Вокруг собрались мои близкие и некоторые другие путники, бормоча какие-то мудрые советы по поводу моего состояния, когда подошел караванщик с тремя своими сбирами. Он заявил, что я заразился чумой — ни более ни менее; что я точно заболел в окрестностях Коньи и что меня необходимо срочно отделить от каравана. Отныне мне придется идти позади всех и не ближе чем в шестистах шагах от любого путешественника. Если я выздоровею, я вновь присоединюсь к каравану; если же я вынужден буду остановиться, меня поручат милости Божией и не станут ждать.
Марта запротестовала, так же, как и мои племянники, Маимун и еще некоторые. Но пришлось подчиниться. Сам я, пока они пререкались, не произнес ни слова. Я облекся в тогу оскорбленного достоинства, в то время как про себя вспоминал все генуэзские ругательства и желал этому человеку издохнуть на колу.
Этот карантин продолжался целых четыре дня, до самого нашего приезда в Афьон-Карахисар[22], Черную Цитадель Опиума, городок с беспокоящим именем, над которым в самом деле возвышается темный силуэт древней крепости.
Как только мы устроились в караван-сарае, ко мне зашел караванщик, чтобы сказать, что он виноват, что у меня, как теперь видно, не чума, что он заметил, что мне лучше, и что я могу вновь продолжать путь вместе со всеми. Племянники собрались затеять с ним ссору, но я заставил их замолчать.
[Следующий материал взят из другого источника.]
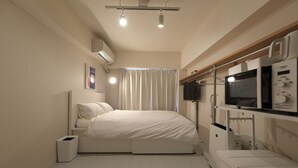 A modern bedroom with a bed, bedside table, and a built-in TV.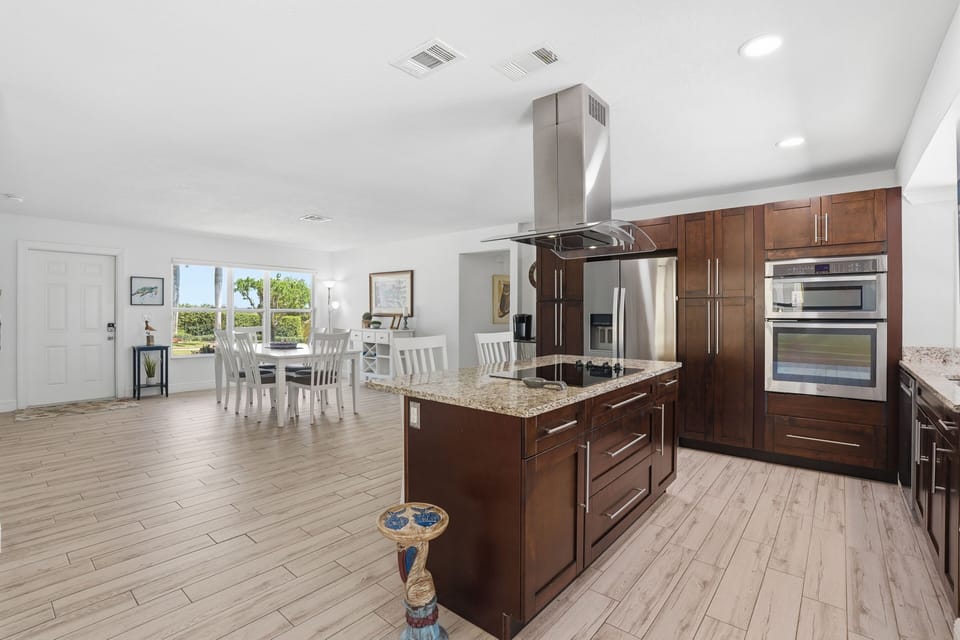Bright open kitchen with granite island, stainless appliances & dining area
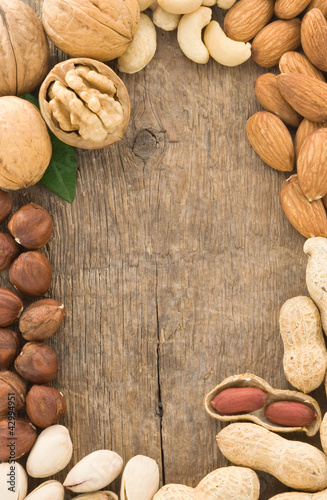 set of nuts fruit on wood background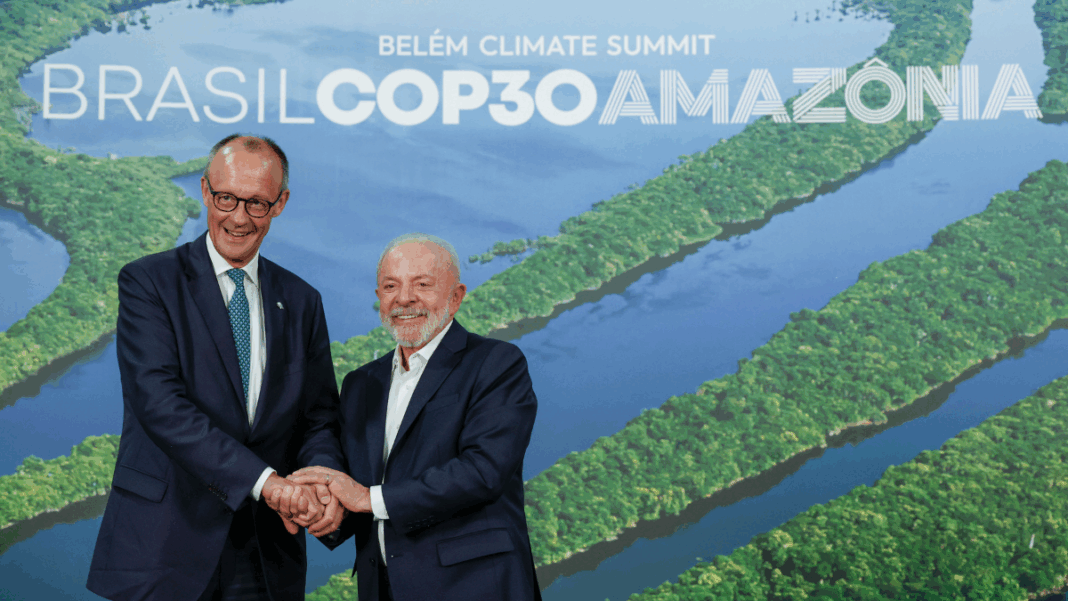 Dois homens de terno sorriem e apertam as mãos diante de um painel com imagem aérea da Floresta Amazônica e o texto “Brasil COP30 Amazônia – Belém Climate Summit”.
Все, что он заслуживал выслушать, должно было быть высказано раньше. Я же вежливо ответил, что согласен вернуться.
Но я не признался ему, как, впрочем, и моим близким, что совсем не чувствовал себя лучше. Я ощущал в самой глубине моего естества горячечную дрожь, она разливалась и жгла беспрестанно — как обжигают зимой горящие угли, и был удивлен, что никто рядом со мной не замечал нездорового румянца, покрывавшего мое лицо.